> [Directions] Of the material below, only the lines from the line containing "James Ebenezer Ellis (1836 - 1907) Profile" down to the line containing "Mercedes Sprinter W907/W910" belong in the answer, written out exactly.

> [Data for the task]

-- Opening Marker --

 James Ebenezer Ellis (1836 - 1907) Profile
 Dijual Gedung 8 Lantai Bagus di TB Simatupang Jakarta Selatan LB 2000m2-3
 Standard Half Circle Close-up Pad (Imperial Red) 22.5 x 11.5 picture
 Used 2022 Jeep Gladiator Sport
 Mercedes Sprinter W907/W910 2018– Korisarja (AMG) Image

-- Closing Marker --
-- Opening Marker --

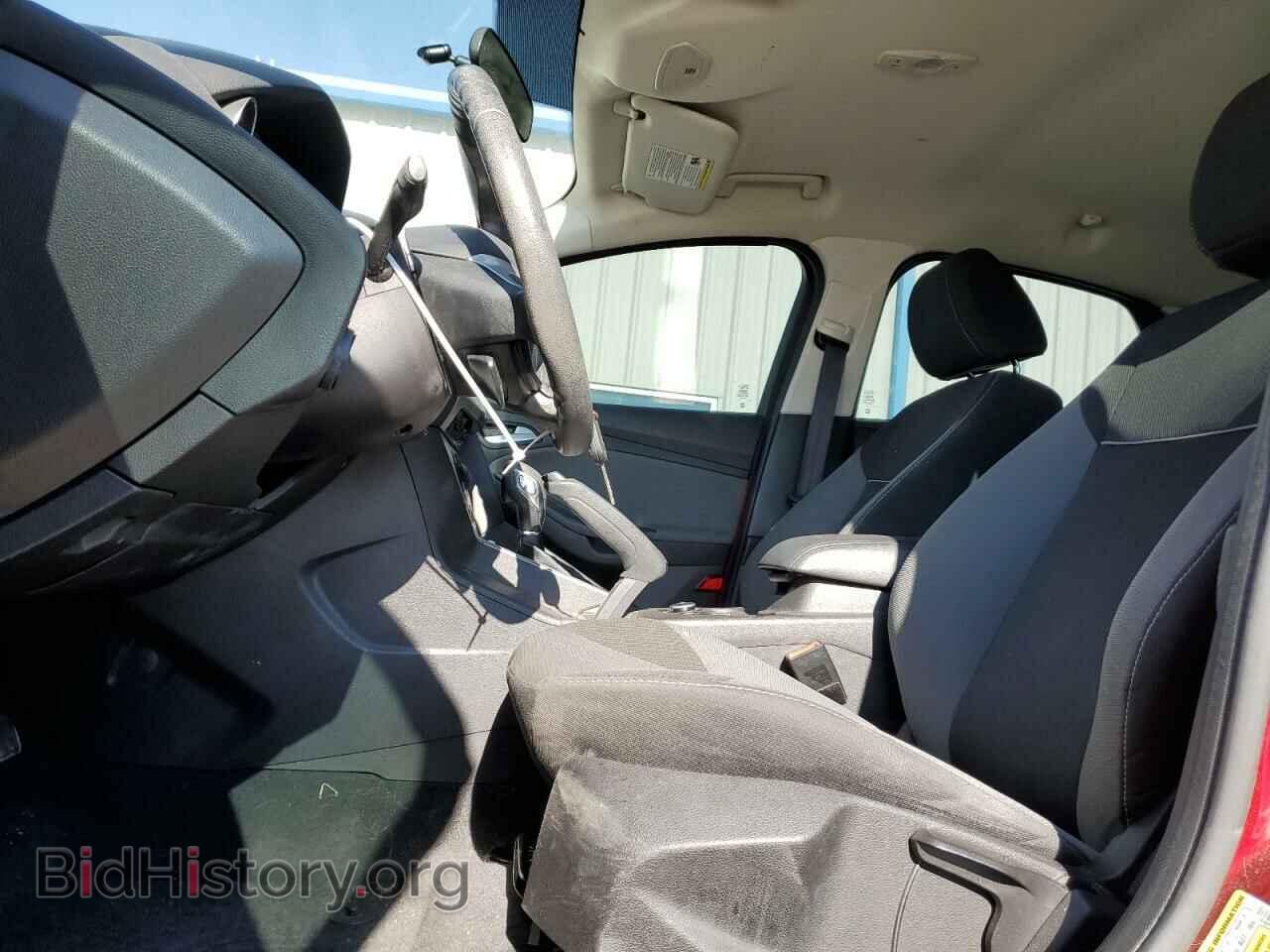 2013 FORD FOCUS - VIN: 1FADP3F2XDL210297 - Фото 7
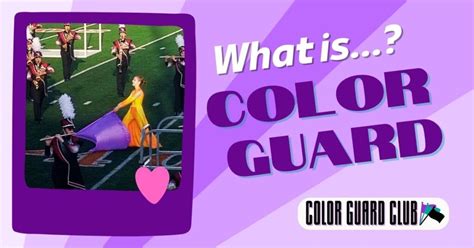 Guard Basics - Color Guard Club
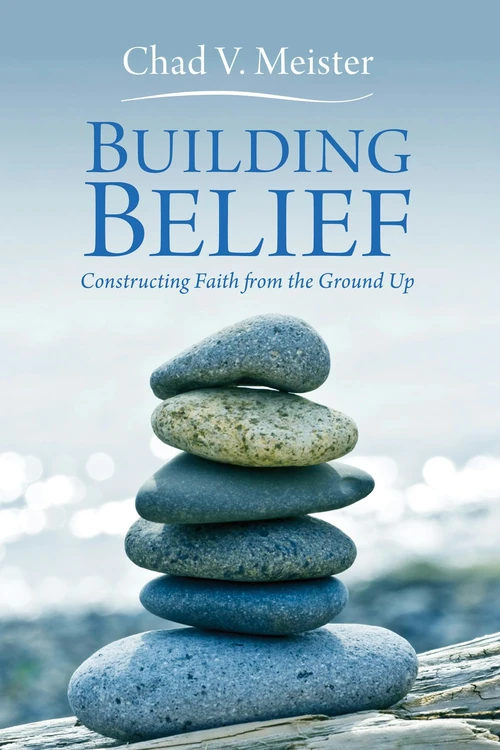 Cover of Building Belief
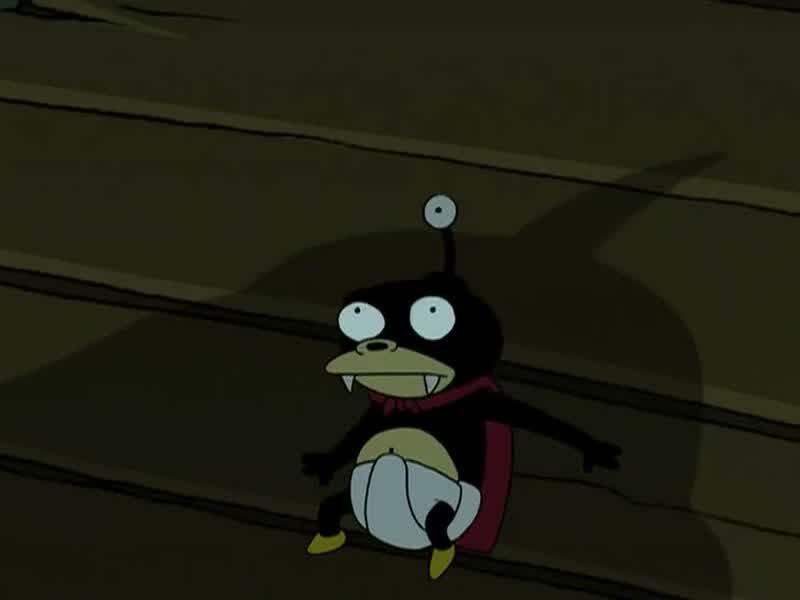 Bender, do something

-- Closing Marker --

> [Response for this exercise]
 James Ebenezer Ellis (1836 - 1907) Profile
 Dijual Gedung 8 Lantai Bagus di TB Simatupang Jakarta Selatan LB 2000m2-3
 Standard Half Circle Close-up Pad (Imperial Red) 22.5 x 11.5 picture
 Used 2022 Jeep Gladiator Sport
 Mercedes Sprinter W907/W910 2018– Korisarja (AMG) Image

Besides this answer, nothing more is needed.